Supporters of marriage equality got some good news this week when a district judge in Washington, D.C., upheld a ruling by the city’s board of elections which, not once but twice, has refused to let gay marriage opponents put a referendum on the ballot there allowing a popular vote to try and overthrow the D.C. City Council’s vote legalizing same-sex marriage.
Such a ballot referendum, the judge said, would violate D.C.’s Human Rights Act.
Gay marriage opponents, of course, have vowed to appeal the ruling to the D.C. Court of Appeals, saying the trial court judge’s ruling is part of a pattern of judicial activism that overrides the will of the people. Whatever.
Judge Judith Macaluso wrote: “The fact that the proposed initiative, if passed, would violate the Human Rights Act provides an independent basis for upholding the Board’s decision: the initiative runs afoul of an implied exclusion barring provisions that violates the state’s law.”

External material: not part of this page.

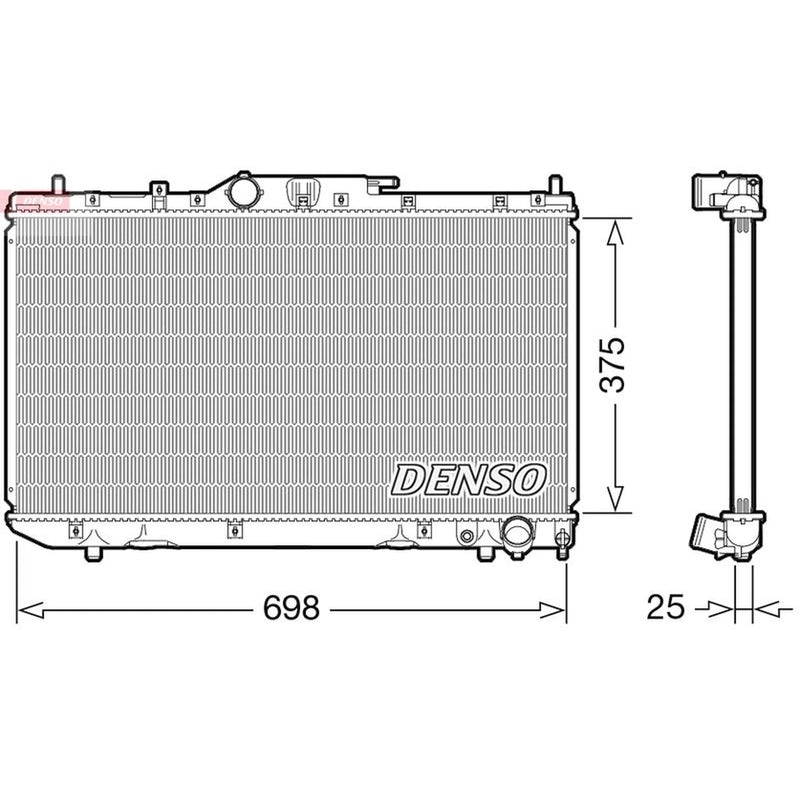 Denso Engine Radiator DRM50114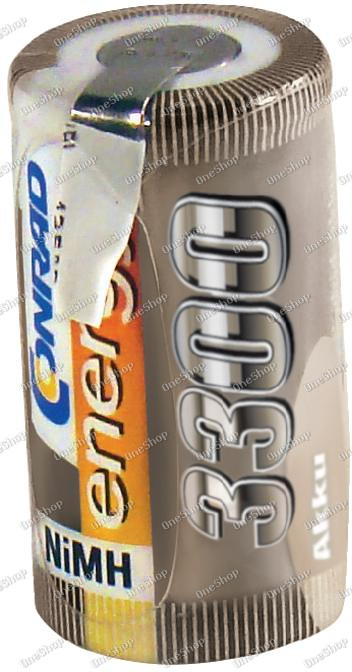 Akumulátor NiMH Conrad Energy Sub-C, 3300 mAh, s pájecími kontakty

She also said that a 1995 court ruling that said the Human Rights Act did not protect same-sex marriage is no longer valid because “Since 1995, the [Washington City Council] has changed the landscape Dean surveyed. Indeed, all of the statutory provisions upon which Dean relied have been repealed or amended…”
The ordinance legalizing same-sex marriage in D.C. could still be overturned by Congress, which gets to review all the city’s laws. But unless that happens, gay couples could start getting married in D.C. as early as March.